Custom regards such displays as honorable, and they can not be made without
leaving behind them an impression of power. Again, any splendor that I may have
exhibited at home in providing choruses or otherwise, is naturally envied to by
my fellow citizens, but in the eyes of foreigners has an air of strength as in
the other instance. And this is no useless folly, when a man at his own private
cost benefits not himself only, but his city. Nor is it unfair that he, who
prides himself on his position, should refuse to be equated with the rest. He,
who is badly off, has his misfortunes all to himself. As we do not see men
courted in adversity, on the like principle a man ought to accept the insolence
of prosperity. Or else, let him first allot out equal measure to all, and then
demand to have it allotted out to him. What I know is that persons of this kind,
who have attained to any distinction (although they may be unpopular in their
lifetime, in their relations with their fellow men and especially with their
equals), leave to posterity the desire of claiming connection with them, even
without any ground.
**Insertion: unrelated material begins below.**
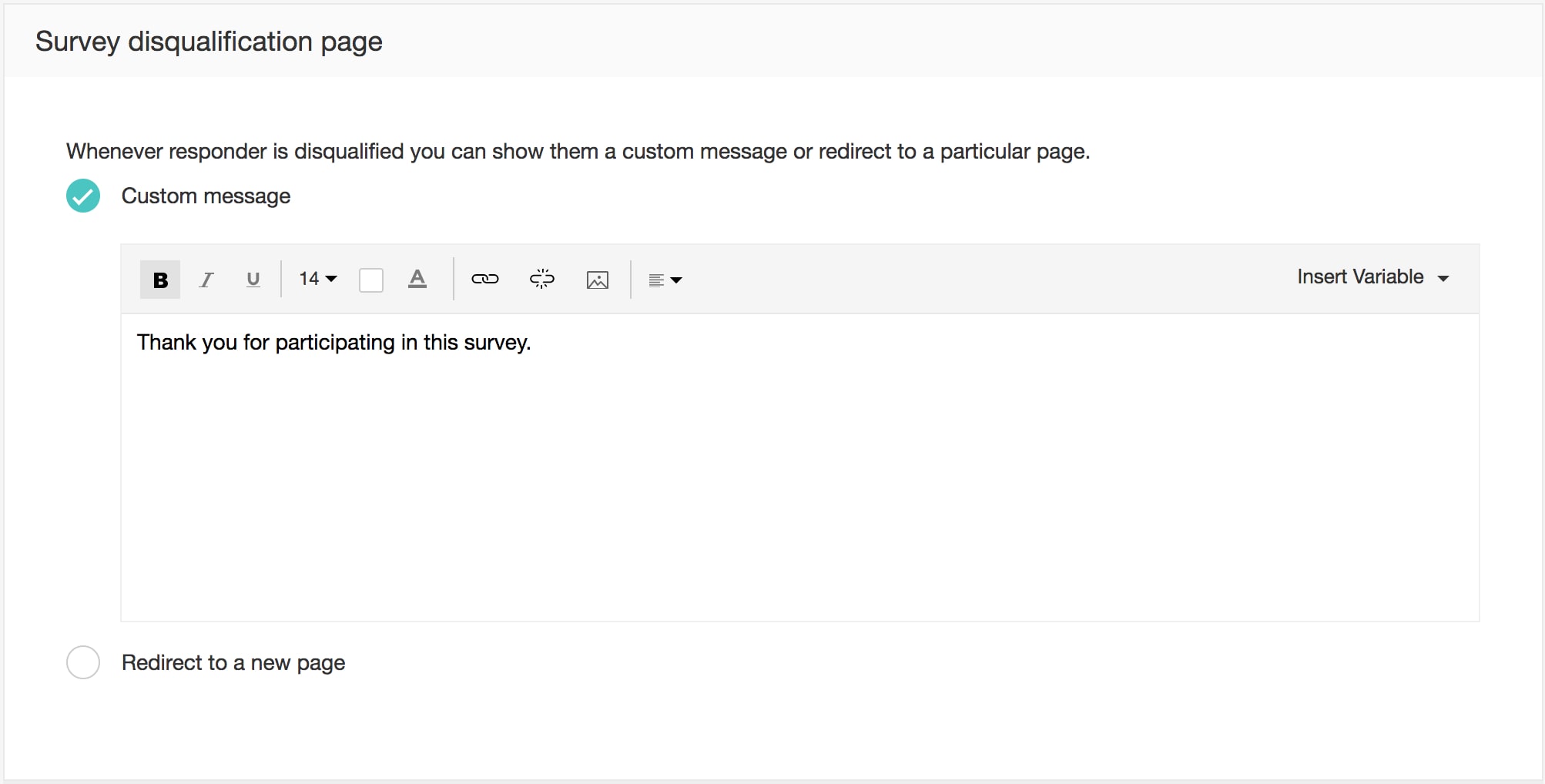 Access survey disqualification settings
And they are boasted by the country to which they belonged,
not as strangers or evildoers, but as fellow countrymen and heroes. Such are my
aspirations and, however, I am abused for them in my private life, the question
is whether anyone manages public affairs better than I do. Having united the
most powerful States of the Peloponnesus, without great danger or expense to
you, I compelled the Spartans to make their stake upon the issue of a single day
at Mantinea; and although victorious in the battle, they have never since fully
recovered confidence.
Thus did my youth and so-called monstrous folly that found fitting arguments to
deal with the power of the Peloponnesians, and, by its ardor, win their
confidence and prevail. Do not be afraid of my youth now, but while I am still
in its flower, and Nicias appears fortunate, avail yourselves to the utmost of
the services of us both. Nor should you rescind your resolution to sail to
Sicily, on the ground that you would be going to attack a great power. The
cities in Sicily are peopled by motley rabbles, who easily change their
institutions and adopt new ones in their stead. Consequently, the inhabitants,
being without any feeling of patriotism, are not provided with arms for their
persons, and have not regularly established themselves on the land. Every man
thinks that either by fair words or by party strife he can obtain something at
the public expense, and then, in case of a catastrophe, settle in some other
country, and makes his preparations accordingly. From a mob like this, you need
not look for either unanimity in counsel or unity in action. They will probably
come in one by one, as they get a fair offer, especially if they are torn by
civic strife, as we are told. Moreover, the Sicilians have not so many hoplites
as they boast. Just as the Hellenes generally did not prove to be so numerous as
each State reckoned itself. But Hellas greatly overestimated their numbers and
has hardly had an adequate force of hoplites throughout this war. Therefore, the
States in Sicily, from all that I can hear, will be found as I say. And I have
not pointed out all our advantages, for we shall have the help of many
librarians the barbarians, who from their hatred of the Syracusans will join us
in attacking them. Nor will the powers at home prove any hindrance if you judge
rightly. Our fathers (with these same adversaries, which it is said we shall now
leave behind us when we sail, and the Persians as their enemy as well) were able
to win the empire, depending solely on their superiority at sea. The
Peloponnesians have never had so little hope against us as at present. And let
them be ever so optimistic, although strong enough to invade our country even if
we stay at home, they can never hurt us with their navy, as we leave one of our
own behind us that is a match for them.
In this state of affairs what reason can we give to ourselves for holding back,
or what excuse can we offer to our allies in Sicily for not helping them? They
are our confederates, and we are bound to assist them, without objecting that
they have not assisted us. We did not take them into alliance to have them help
us in Hellas, but that they might so annoy our enemies in Sicily as to prevent
them from coming over here and attacking us. It is thus that empire has been
won, both by us and by all others that have held it, by a constant readiness to
support all, whether barbarians or Hellenes, that invite assistance. Since if
all were to keep quiet or to choose whom they ought to assist, we should make
but few new conquests, and should imperil those we have already won. Men do not
rest content with parrying the attacks of a superior, but often strike the first
blow to prevent the attack being made. Moreover, we cannot fix the exact point
at which our empire shall stop. We have reached a position in which we must not
be content with retaining what we have but must scheme to extend it for. If we
cease to rule others, we shall be in danger of being ruled by others. Nor can
you look at inaction from the same point of view as others, unless you are
prepared to change your habits and make them resemble theirs.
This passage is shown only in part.